Hey, welcome to the AAS blog! This is the posting home of our flock, which as of now includes me (Lily), Koderah, Naruka, Renazoa, Ana, Kalij, Sam, Aletta and Aki. We will all post from time to time, and thanks for reading.

Wednesday, May 7, 2008

Let's make peace, and love! No, wait ew...

Wow, you guys. I love that we're sharing our feelings and all, but I can't help but feel like it's partly my fault. I am the one who did it first.

I fully accept admin powers, but I don't really care either way.

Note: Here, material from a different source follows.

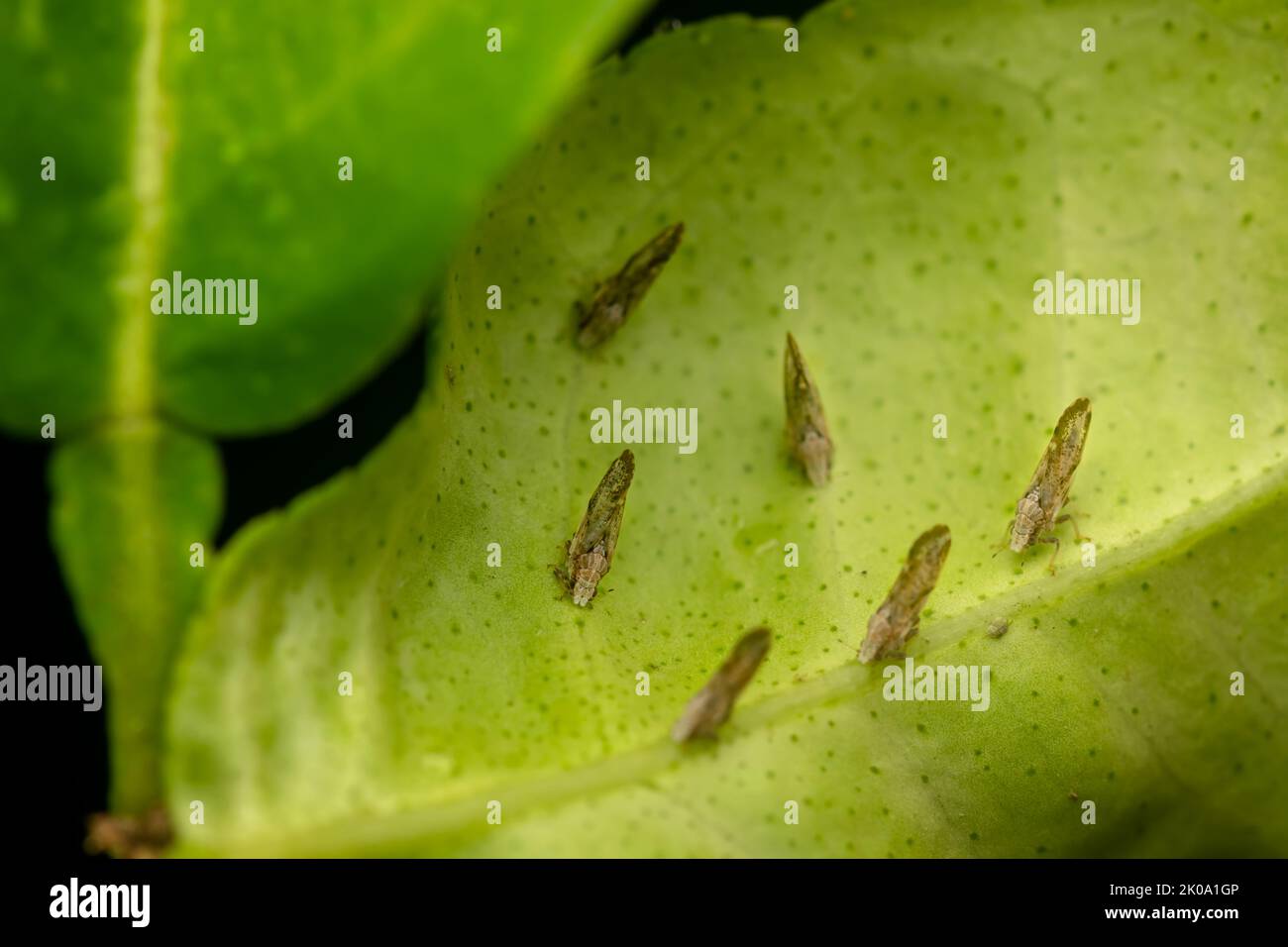 Citrus psyliid adults at the backside of the citrus leaf plant. These psyllids responsible for spreading citrus greening disease which is one of the m Stock Photo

Kody: You know I would never call you stupid. If I have then I sincerely apologize. You are not stupid in the least and I consider you to be one of the smartest people here. You are so well researched on all of your topics and even though we're the same age I feel like mentally you are so much older than me.
I luv you!

Lily: I never meant to attack you like I did. I do admit I had some problems with some of the things you were doing, and I felt the need to confront it. Also, you may not feel the same way but sometimes I feel like we're growing. . .distant. I rarely see you because we don't speak much at lunch even though we eat together, and you ride the lab bus home early because it saves you an extra thirty minutes. Plus whenever I invite you to do something you're busy. Plus there are those admitted moments where I get jealous because you ALWAYS choose Aki over me. Oh, and there's also those times where you make me feel stupid.

And lastly, Ren: I would like to apologize to you.I know today I went on and on about my insecurities and you grew sick of it. Then when you tried to force-feed me all that good food I was kinda trying to push it away. I wasn't mad at you at all, just afraid that you were angry at me and I was also mad at myself. I know I shouldn't cae what people say, it's just hard to be confident when everyday you're being put down. I will try not to let it bother me anymore. Plus, I was having a bad day today. I love you, and hope you still love me too!

There, I said it. If any of you are mad (which I hope you are not) then that's okay. If you are mad, I don't hate you, but I hope you forgive me eventually. If not, then maybe we just weren't supposed to be friends.